Some years after these sorrowful happenings she had married a small farmer, a widower with several children, and, she was proud to remember, had never failed in her duty to him and to them; they had grown up and gone their ways in the world, he had died at a good age, kindly and carefully nursed by the wife who had always been a good wife to him and whose youthful romance he had known and accepted with the disregard common to his class. She kept on the little farm of Tynycae which he had left her at his death, and on its scanty revenues she lived, completely independent of her step-sons, whose offers of help-personal or pecuniary-she had several times rejected with scorn. Her desire was, through her own efforts, to hand it on to them if possible the better for her administration, and no amount of hard work or self-denial in this cause had troubled her until advancing years, for she was now over eighty, had made it necessary that she should have the help of a girl in the house. Since that time-some three or four years back-a whole bevy of damsels had made of Tynycae a temporary abode. Short and stormy was the sojourn of most of them, and swift their departure, unattended with regrets on either side. For even to the best of workers Mrs. Jones was a hard mistress, and an unduly exacting one, so that her name had quickly become a byword among them, and she found it increasingly difficult to get any but the roughest and most indifferent assistance. Much had she suffered from the idleness, the incompetence, the insubordination of these maidens, but never, oh! never, she said to herself, had she come across such a specimen as this new importation.

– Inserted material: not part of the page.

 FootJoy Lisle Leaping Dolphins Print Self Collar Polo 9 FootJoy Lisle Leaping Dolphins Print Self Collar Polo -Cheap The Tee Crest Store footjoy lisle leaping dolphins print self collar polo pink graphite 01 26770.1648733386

Marged or Margaret Williams was the name she had given, her age sixteen, was never in service before and had no English, but was strong and could work well. Her appearance, though certainly unkempt, was not unattractive. She was small but active and wellproportioned. A round plentifully freckled face was lit up by a pair of sparkling and most mischievous blue eyes, and crowned by an untidy tangled-looking crop of yellow hair.

That her character should be a puzzle and perplexity to Mrs. Jones was not remarkable, for she had been a dweller in or near towns all her life, whereas Marged Williams knew nothing of the haunts of men. She had lived the whole of her short life on a lonely hill-slope in a wide and lonely valley. The little bwthyn or hut where she and her parents dwelt stood high on this hillside, which stretched in long uneven ridges covered with great grey boulders down to the shores of a desolate lake. Round about them other hills, grey and grim and treeless, rose like giant barriers

against the sky, shutting out the world of men from the scattered dwellers in the valley.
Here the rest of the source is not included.